Les salariés peuvent-ils dénoncer leur entreprise ? Risquent-ils des représailles de la part
de leur employeur ?
Oui, les salariés peuvent dénoncer leur employeur. Ce cas de figure est expressément prévu tant par l’instruction ministérielle du 5 mai 2020 que par le plan de contrôle du 14 mai 2020. Il est même demandé aux acteurs du contrôle un traitement rapide et systématique des signalements transmis à la DIRECCTE
Selon les témoignages parus dans la presse, les salariés ne veulent pas dénoncer leur employeur de peur de représailles qui pourraient prendre la forme d’un licenciement.
Il est clair qu’un licenciement pour motif avoué de dénonciation serait considéré comme une mesure de rétorsion et serait jugé comme sans cause réelle ni sérieuse. Le licenciement pourrait même être considéré comme nul. Rappelons à ce titre, la protection des lanceurs d’alerte, prévue par l’article L. 1132-3-3 du code du travail.
Il en serait de même pour un salarié licencié pour tout autre motif dès lors qu’il pourrait rapporter la preuve que le véritable motif du licenciement est la dénonciation pour fraude à l’activité partielle.
Que risquent les entreprises qui fraudent ? Quelles sont les sanctions prévues si l’infraction est constatée ?

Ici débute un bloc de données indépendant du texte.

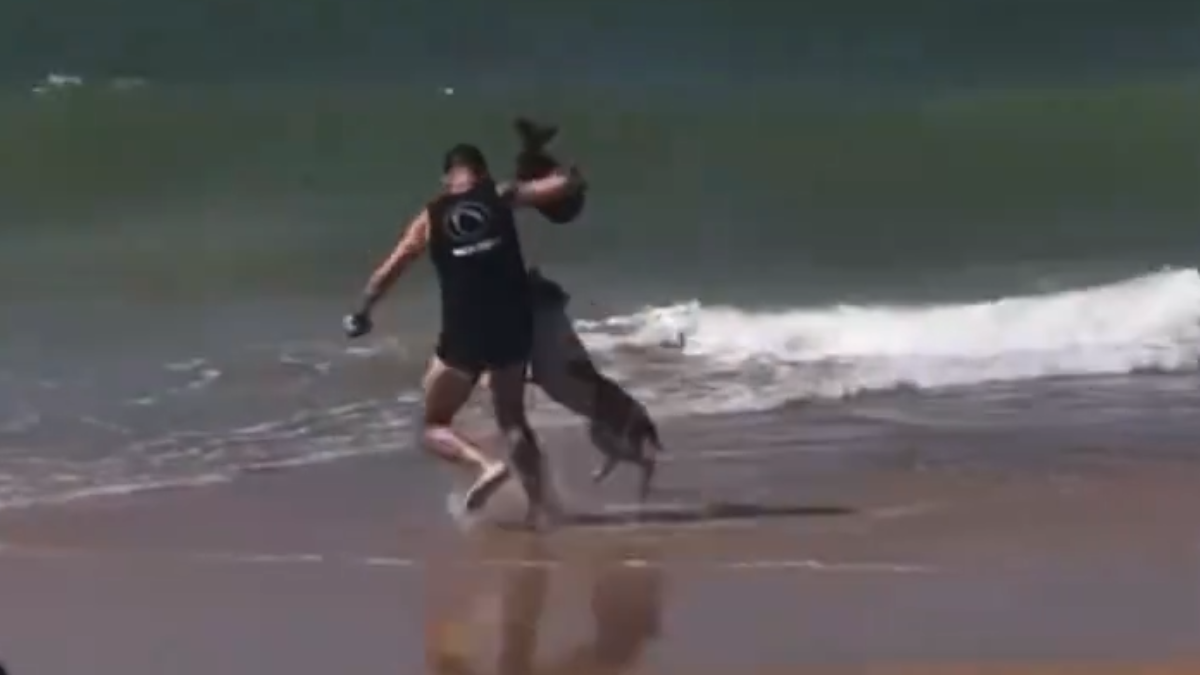 Homem se joga ao mar para se salvar de pitbull (Foto: Reprodução)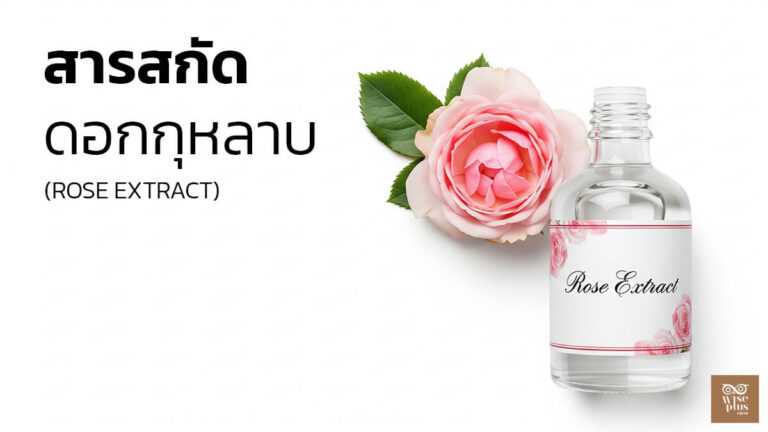 สารสกัดดอกกุหลาบเพื่อผิวกระจ่างใส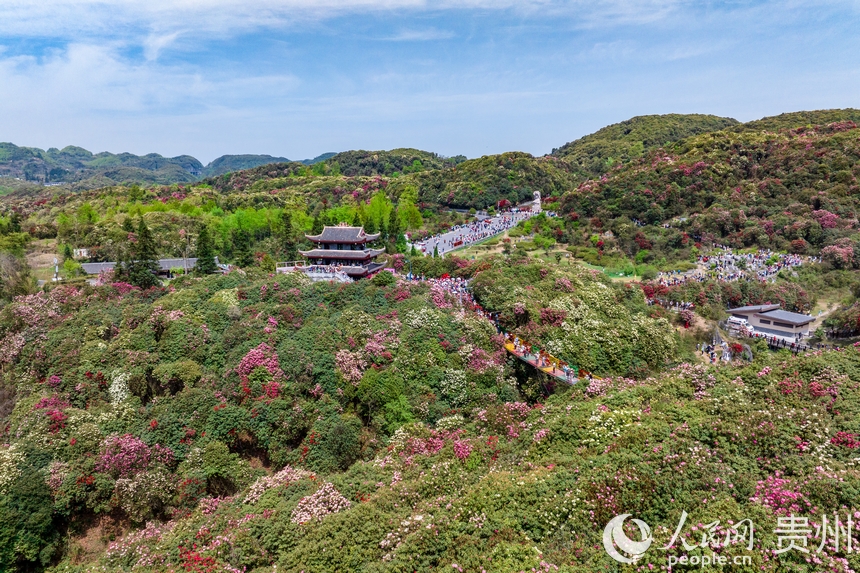 航拍百里杜鵑景區(qū)內(nèi)盛開(kāi)的杜鵑花。人民網(wǎng)記者 涂敏攝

La peine encourue pour fraude ou fausse déclaration à l’activité partielle est de 2 ans d’emprisonnement et une amende de 30 000 € (article 441-6 du code pénal). Les infractions d’escroquerie et/ou de travail illégal (articles L. 5124-1 et L. 8211-1 du code du travail) sont également envisagées. Et bien évidemment l’employeur devra rembourser l’intégralité des sommes indument perçues.
Le Ministère du travail encourage fortement les employeurs à régulariser spontanément les situations litigieuses. Enfin, l’employeur pourra être exclu de certaines aides publiques (pas uniquement l’activité partielle) pendant une période de 5 ans.